Kegiatan yang digagas Persatuan Wartawan Indonesia (PWI) Sulteng bekerja sama Gabungan Pengusaha Kelapa Sawit Indonesia (GAPKI) mengusung tema "Kontribusi sawit bagi pembangunan Provinsi Sulawesi Tengah dan Sulawesi Barat", mengingat kontribusi dari sektor sawit yang begitu signifikan sebagai salah satu penggerak roda perekonomian daerah.
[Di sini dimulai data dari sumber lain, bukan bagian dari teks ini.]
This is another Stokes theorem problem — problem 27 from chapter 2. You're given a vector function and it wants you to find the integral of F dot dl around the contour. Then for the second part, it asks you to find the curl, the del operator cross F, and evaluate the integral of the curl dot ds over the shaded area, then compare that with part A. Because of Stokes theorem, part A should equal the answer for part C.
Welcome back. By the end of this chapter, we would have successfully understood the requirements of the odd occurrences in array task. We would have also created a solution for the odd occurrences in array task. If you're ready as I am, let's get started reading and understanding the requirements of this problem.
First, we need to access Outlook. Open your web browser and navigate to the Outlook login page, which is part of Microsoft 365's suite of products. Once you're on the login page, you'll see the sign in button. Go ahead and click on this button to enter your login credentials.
Ketua PWI Sulteng Mahmud Matangara mengatakan kegiatan tersebut dilakukan untuk meningkatkan pengetahuan wartawan mengenai sawit dan kontribusinya bagi pembangunan ekonomi suatu daerah.

"Kami (wartawan) juga ingin berkontribusi terhadap industri yang telah menjadi sumber penghidupan bagi sebagian besar masyarakat di Sulawesi dengan cara mengedukasi masyarakat lewat berita baik cetak maupun online. Industri kelapa sawit sudah terbukti memberikan kontribusi positif, adalah suatu keharusan bagi kami menyampaikan kebenaran tersebut kepada publik," ujar Mahmud Matangara.
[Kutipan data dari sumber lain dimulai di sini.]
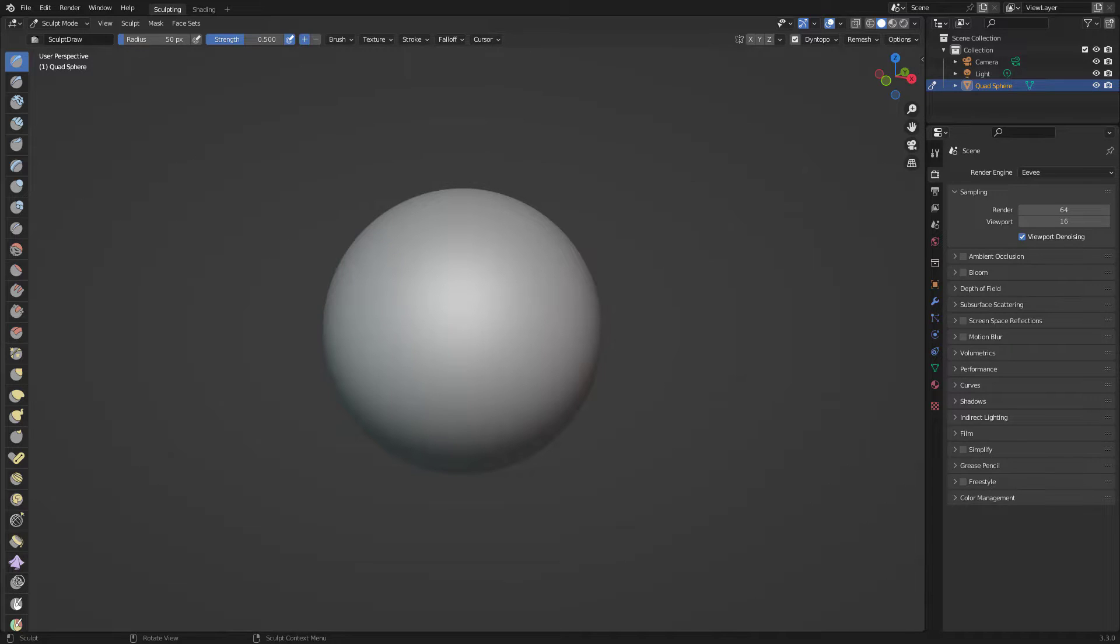Okay, so in this video we're going to talk about dynatopo or dynamic topology. What it does is it adds geometry or removes geometry from your object or your model. It works with most of our brushes.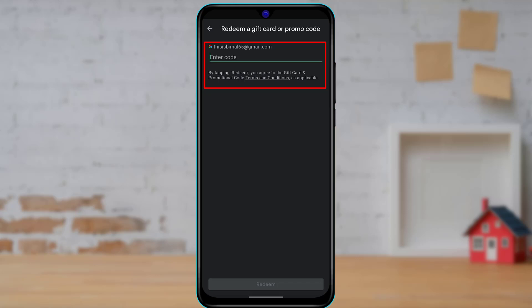Make sure that you have typed in every letter, every word, and every number correctly. Once you do that, you can see that by tapping redeem, you agree to the gift card and promotional code terms and conditions. Once you enter your code, at the bottom of the screen you will have enabled the option called redeem, and it will be highlighted in green.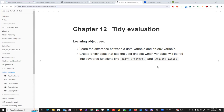Hello everyone, this is the Mastering Shiny book club. We will discuss today Chapter 12: Tidy Evaluation. The learning objective is to learn the difference between data variables and environment variables, and we will learn how to create Shiny apps that let the user choose which variable will be fed into a tidyverse function — the dplyr way and the ggplot way. We'll talk about two different ways of referencing a variable: data masking and tidy selection.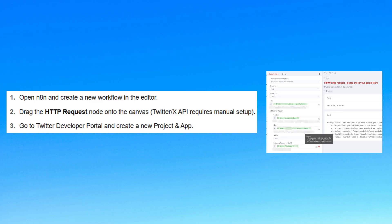Then drag the HTTP Request node onto the canvas. Twitter or X API requires manual setup.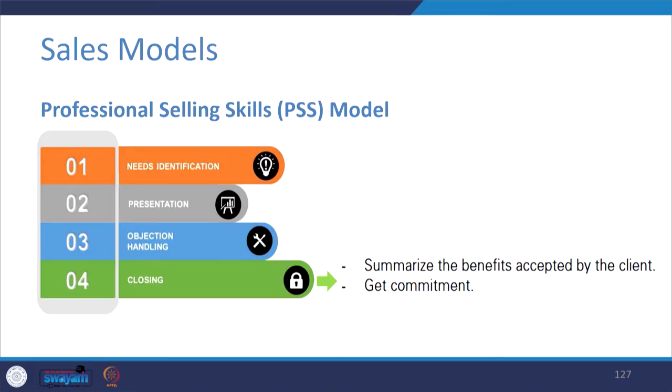Ultimately, towards the end, you close the deal — summarize the benefits accepted by the client and get a commitment in terms of delivery of products, payment terms, and so on.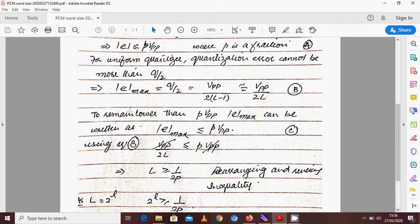As decided earlier, we need to remain lower than P times V peak-to-peak, which is the predefined value. So E_max should always be less than or equal to P times V peak-to-peak. If we limit this maximum error below the threshold defined by P times V peak-to-peak, that will be acceptable. So we need: E_max ≤ P · V peak-to-peak. Let's call this equation C.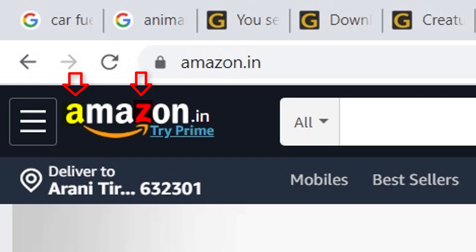The smiley mouth means: we deliver all products from A to Z, with a smiley face. That is the meaning behind the Amazon logo.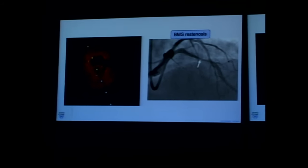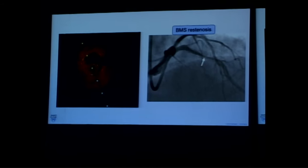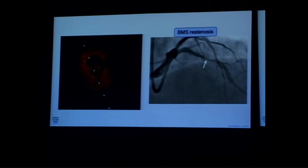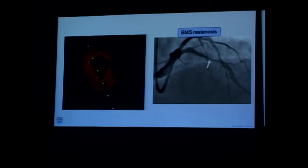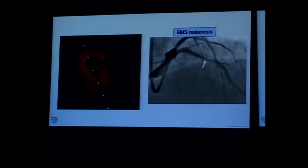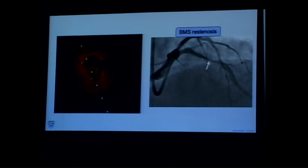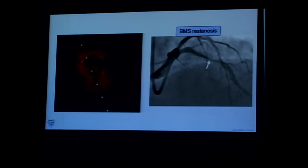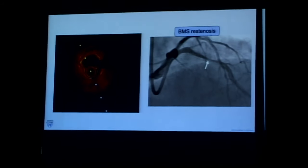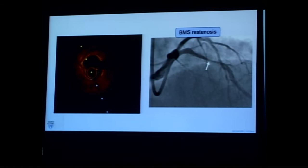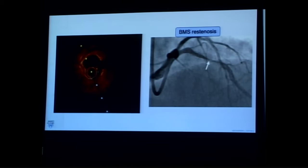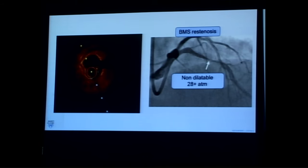Here's the OCT, a pre-evaluation prior to intervention. You see the stents all the way around — it's a very well-expanded stent, not a case of late stent under-expansion. But the tissue here is very heavily calcified. This darker heterogeneous material with ill-defined borders suggests deep calcific tissue restenosis. Despite seeing this calcium, we thought we'd just go ahead and balloon it, but the balloon was non-dilatable at 28-plus atmospheres.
Menurut Mahmud, selain dihadiri PWI Sulteng dan Apkasindo Sulbar, juga dihadiri Forum Pemimpin Redaksi (Pemred) dan Gabungan Pengusaha Kelapa Sawit Indonesia (Gapki) serta menghadirkan tiga orang pembicara yang kompeten di bidangnya masing-masing yakni  Guru Besar Perkebunan dan Ketua Litbang Fakultas Pertanian Universitas Hasanuddin Makassar Prof Laode Asrul,  dan Ketua Program Study Agribisnis dan Pengelolaan Lingkungan Unhas Prof Didin Rukmana.

Kemudian Pemimpin Umum Majalah Warta Ekonomi Muhamad Ihsan, yang berbicara terkait etika jurnalistik dan peran media dalam penulisan masalah perkebunan, industri dan perdagangan internasional minyak, serta Ketua GAPKI Wilayah Sulawesi H Muchar Tanong,  serta pejabat dari dinas terkait.

Sementara itu, Ketua GAPKI Sulawesi Muchtar Tanong menyebutkan, hingga 2015, luas perkebunan kelapa sawit di Sulteng mencapai 155.000 hektare dengan produksi minyak sawit (CPO) 275.000 ton sedangkan Sulbar memiliki areal 105.000 hektare dengan produksi CPO 318.000 ton.

Dua provinsi penghasil sawit lainnya di Sulawesi adalah Sulawesi Selatan seluas 40.000 ha dan Sulawesi Tenggara 50.000-an hektare.